Venezuela will keep campaigning until oil prices rebound to $100 per barrel, president Nicolas Maduro said Thursday night after OPEC refused to cut output, as the cash-strapped South American country had aggressively pushed for.
Saudi Arabia blocked calls from poorer members of the OPEC oil exporter group for production cuts to arrest a slide in global prices, sending benchmark crude plunging to a fresh four-year low of around $71.25.
The decision is a blow to Venezuela's flailing economy, widely believed to be in recession, and also highlights the country's diminished influence in OPEC, which it helped found.
But Maduro said the country with the world's largest crude reserves is undeterred.
“For now, it wasn't possible to achieve the proposal we supported with various OPEC members.
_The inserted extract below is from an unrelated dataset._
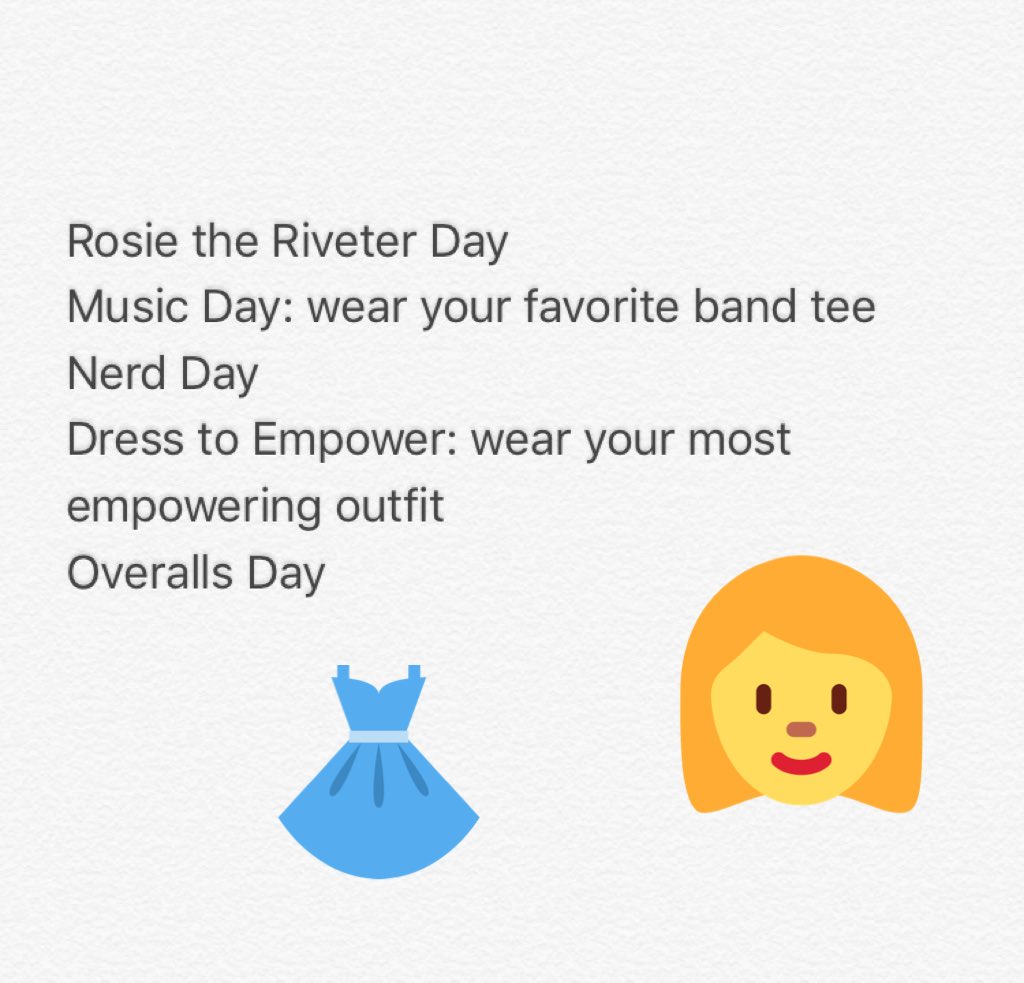jmhstuco's tweet photo. help celebrate women's month by dressing up next week, March 27th-March 31st! 👩🏻👱🏾‍♀️💃🏼🎀💞 https://t.co/rH0pn7XjQZ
There was not a consensus to make an important cutback to oil production to recuperate the markets, but above all, to recuperate the price of oil,” he said at a military event, estimating the oil price slump had curbed Venezuela's revenues by up to 40 percent.
Despite concerns over the national budget, Maduro assured citizens that their basic needs will still be covered.
“If we had to reduce something in the budget, we would cut sumptuary costs, we would cut our own salary as high officials, but we will never cut even a bolivar (Venezuela's currency) from money that goes toward education, food, housing... the missions of our people,” he said.
To be sure, the country has an upward battle to win over the wealthy Gulf states that have made clear they are ready to ride out the weak prices.
The prospect of continued low oil prices, however, is disastrous for Venezuela, which is grappling to pay debt arrears to private companies ranging from airlines to oil partners, finance expensive social programs, and make major bond payments.
Earlier on Thursday, Venezuela's Foreign Minister and top OPEC representative Rafael Ramirez vowed to maintain contact with OPEC and non-OPEC countries to monitor markets.
“We have agreed to work toward [price] stability and work to maintain contact with non-OPEC countries, which is very important,” he said in an interview with Latin American regional television station Telesur from Vienna, referring to conversations with oil producers Mexico and Russia that are not part of the group.
But Ramirez's comments were a far cry from the interview he gave Telesur earlier this month from Iran, one of several stops on his unsuccessful global tour to shore up support for an OPEC cut.
Then, a confident-looking Ramirez, until September the country's oil minister and head of state oil company PDVSA, told Venezuelans a consensus for an output cut was in the works.
“The issue isn't even the reduction but rather how much,” he had said.